Von Walheim rückten wir erst am 12.8., morgens gegen halb 5 Uhr ab. Bis dahin hatten wir vom Kriege selbst noch nichts gespürt. Nun wurde es anders, denn sofort hinter der deutsch-belgischen Grenze – die wir bei Eupen überschritten – konnten wir feststellen, dass es bei dem Kampf mit dem Feinde um Sein oder Nichtsein ging.
Alle Häuser an der Aufmarschstrasse waren zertrümmert oder niedergebrannt. Kaum einer der Bewohner ließ sich blicken. Dafür stellten wir auf und längs der Strasse große Massen deutscher Truppen fest.
Je weiter wir in Belgien einmarschierten, desto trostloser sah es aus.
In Dolhain hatte man 5 deutsche Ulanen aus dem Hinterhalt erschossen. Zur Strafe für diese heimtückische Tat war eine ganze Häuserfront in Brand gesetzt worden, die noch überall schwelte und qualmte. Die Bewohner des Dorfes gingen mit traurigen Mienen einher und beteuerten jedem, der es hören und nicht hören wollte, dass sie keine Greueltaten verübt hätten und dass man sie ohne Grund um ihr Hab und Gut gebracht habe – doch war der Beweis für ihr Vergehen zu offensichtlich, denn die Lanzen der Ulanen lagen noch zerbrochen auf der Strasse.

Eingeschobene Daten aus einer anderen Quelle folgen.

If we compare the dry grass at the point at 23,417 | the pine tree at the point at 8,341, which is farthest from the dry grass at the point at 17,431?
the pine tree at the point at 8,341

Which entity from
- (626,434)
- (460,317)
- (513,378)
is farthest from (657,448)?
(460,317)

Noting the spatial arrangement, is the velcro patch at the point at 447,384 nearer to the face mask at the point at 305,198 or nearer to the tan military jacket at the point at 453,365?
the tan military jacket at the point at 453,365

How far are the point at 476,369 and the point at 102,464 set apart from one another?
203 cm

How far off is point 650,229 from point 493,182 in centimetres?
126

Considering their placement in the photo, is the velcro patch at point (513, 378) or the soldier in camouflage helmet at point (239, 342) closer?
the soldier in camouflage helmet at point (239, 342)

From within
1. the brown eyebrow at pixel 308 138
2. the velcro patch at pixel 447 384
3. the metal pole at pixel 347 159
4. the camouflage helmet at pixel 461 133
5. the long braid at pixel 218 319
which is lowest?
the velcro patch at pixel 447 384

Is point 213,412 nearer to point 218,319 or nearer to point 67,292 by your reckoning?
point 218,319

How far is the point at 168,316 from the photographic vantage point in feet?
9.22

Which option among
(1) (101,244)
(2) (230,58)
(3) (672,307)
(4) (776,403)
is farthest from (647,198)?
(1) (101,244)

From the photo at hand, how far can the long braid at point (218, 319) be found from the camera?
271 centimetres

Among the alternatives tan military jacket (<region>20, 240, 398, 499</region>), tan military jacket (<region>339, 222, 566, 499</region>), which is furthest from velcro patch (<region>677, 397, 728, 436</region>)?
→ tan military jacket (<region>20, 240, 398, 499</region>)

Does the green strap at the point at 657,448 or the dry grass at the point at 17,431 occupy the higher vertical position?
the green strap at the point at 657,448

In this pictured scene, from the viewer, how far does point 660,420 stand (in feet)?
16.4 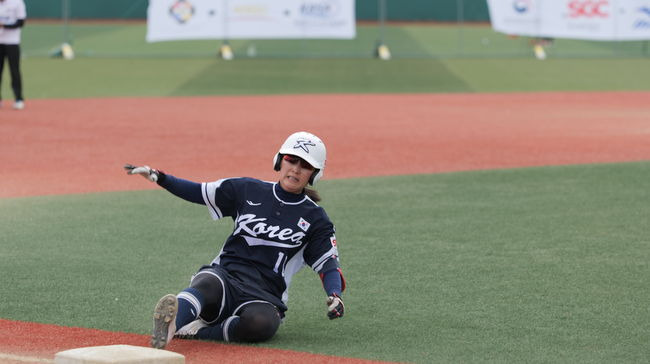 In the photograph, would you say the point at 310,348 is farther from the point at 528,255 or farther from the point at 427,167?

Verviers, unser nächster grösserer Durchmarschort, wollte sich anscheinend in der Geschichte des Franktireurkrieges einen besonderen Namen verschaffen. Die Häuser der Eingangsstrassen waren über und über mit Gewehr-Einschusslöchern bedeckt – stummen und doch so beredten Zeugen der fürchterlichen Kämpfe, die sich hier beim Einzug der ersten deutschen Truppen abgespielt hatten und an denen die Bevölkerung gleichfalls nicht unbeteiligt gewesen sein soll. Dass die Deutschen mit kühnem Schneid vorgegangen, schien jedoch seine Wirkung nicht verfehlt zu haben. Man zeigte sich jetzt fast freundlich gegen die Truppen und reichten ihnen sogar unaufgefordert zur Linderung des Durstes Wasser. Wir nahmen es jedoch grundsätzlich nur an, nachdem die Leute selbst davon getrunken hatten. Auch in dieser Hinsicht galt es, der Bevölkerung gegenüber Vorsicht zu üben, da genug Gerüchte von Vergiftungsversuchen in der Luft herumschwirrten.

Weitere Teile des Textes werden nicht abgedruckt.